• _DATASET EXCERPT_
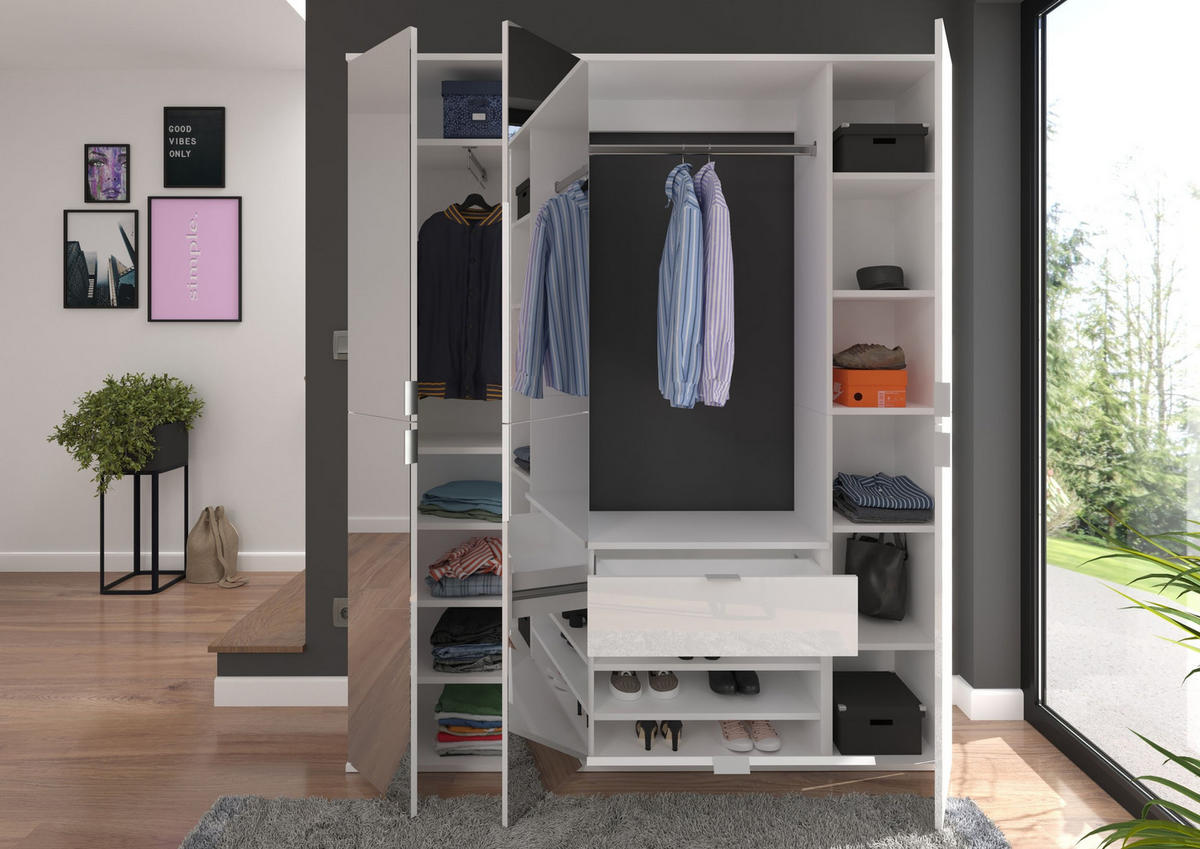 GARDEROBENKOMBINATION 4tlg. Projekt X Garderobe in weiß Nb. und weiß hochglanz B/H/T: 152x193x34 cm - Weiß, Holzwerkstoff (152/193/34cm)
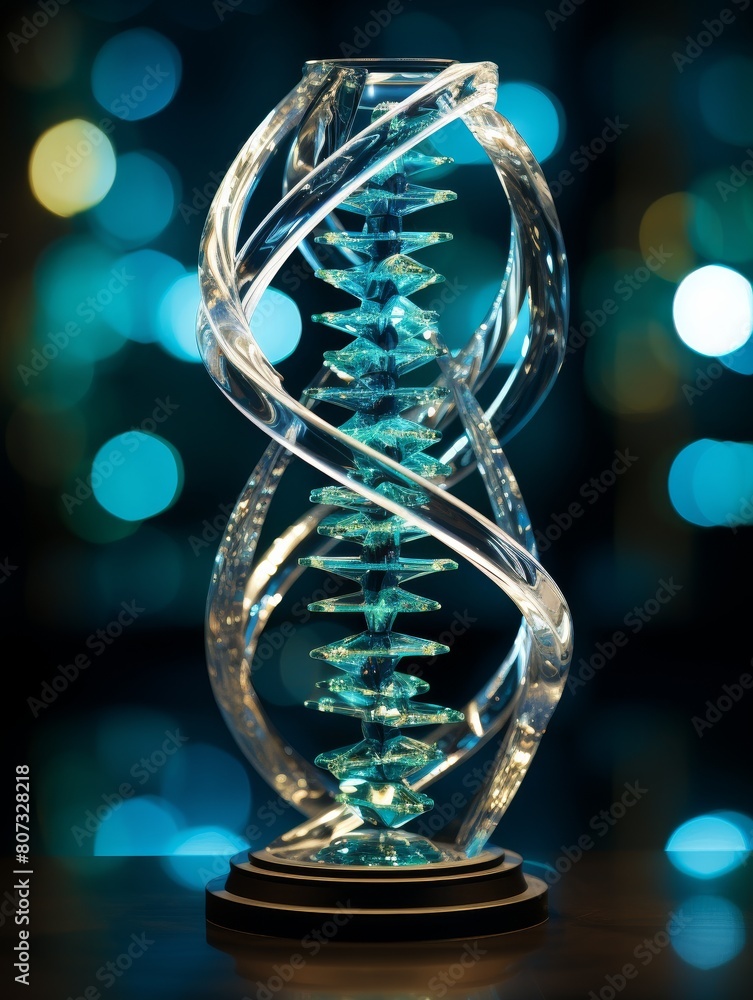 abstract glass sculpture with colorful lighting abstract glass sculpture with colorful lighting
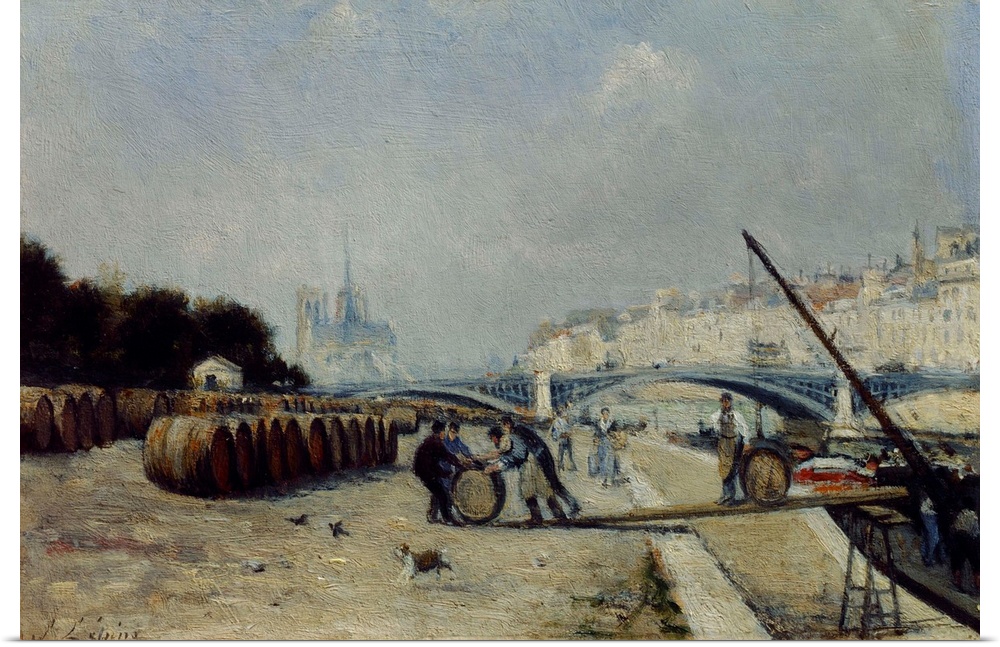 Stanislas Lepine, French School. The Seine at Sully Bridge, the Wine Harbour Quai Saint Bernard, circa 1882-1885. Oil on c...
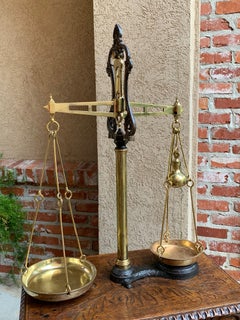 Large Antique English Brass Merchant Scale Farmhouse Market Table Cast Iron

• _TASK_
Repeat each line of the listing word for word, from the first through the line that contains "Stanislas Lepine, French". Any picture stays out.

• _ANSWER FOR THE TASK_
 GARDEROBENKOMBINATION 4tlg. Projekt X Garderobe in weiß Nb. und weiß hochglanz B/H/T: 152x193x34 cm - Weiß, Holzwerkstoff (152/193/34cm)
 abstract glass sculpture with colorful lighting abstract glass sculpture with colorful lighting
 Stanislas Lepine, French School. The Seine at Sully Bridge, the Wine Harbour Quai Saint Bernard, circa 1882-1885. Oil on c...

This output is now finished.